Likewise, it is equally as important to avoid creating first class bureaucrats and second class bureaucrats. Sometimes I believe we even have third class bureaucrats.

This does not mean I am promoting automatic and irrational equality as far as salaries of public officials is concerned. It has much more to do with the identification of the role and the social support given each public servant in order to stimulate his or her pride. 

He who thinks or feels that other believe his work is not important, or who is actually doing work that is indeed not important and should therefore be eliminated is as incapacitated emotionally as a baseball player who has lost his arms.

In the same way, as we head towards the Constituent Assembly which initiates the debate on the role of the State it is of utmost importance to establish the norms and regulations that require the State to comply with its current responsibilities before it is permitted to accept new ones. 

Should we not do this, we should not be surprised about the capacity of certain sectors to negotiate resources that allow them to incur in new initiatives that normally possess noteworthy or glamorous characteristics at the expense of other that, although no less important, require quiet dedication, day after day, from 9 to 5.

I now wish to share with my readers a nightmare I have over and over again. During the last decades, the Venezuelan State has frittered away an immense amount of resources. 

Thank God that in spite of this, most of the spending occurred in public service sectors and that therefore it did actually leave something, however small, for posterity.

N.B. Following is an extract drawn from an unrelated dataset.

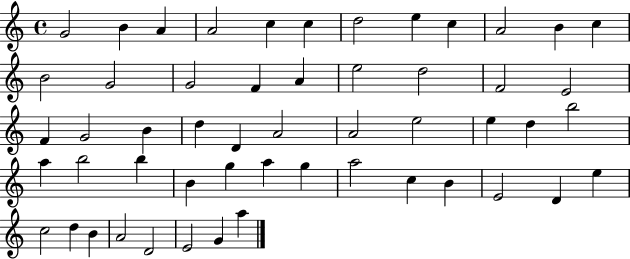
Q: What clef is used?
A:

Does this mean that if the State actually goes full tilt into privatizing public services (at the behest of ourselves) without having previously negotiated a corresponding reduction in their income, 100% of public spending will be wasted?

The town folk in Pamir did not bat an eyelash when airplanes roared overhead. They did not know that human beings were strapped inside at the controls.

Had they known this, the panic would have been absolute. I sometimes think about the high expectations we have of the privatization processes in Venezuela. Are we by chance also ignorant of the fact that there are human beings in these private companies?

I cannot resist finalizing with a quote that I underlined almost thirty years ago in the before above mentioned book by Koestler. 

“I automatically learned to classify all that is repugnant as an »inheritance from the past», and all that is attractive as the »seed of the future». With the aid of this automatic classification, it was still possible for a European in 1932 to visit Russia and continue to be a communist.”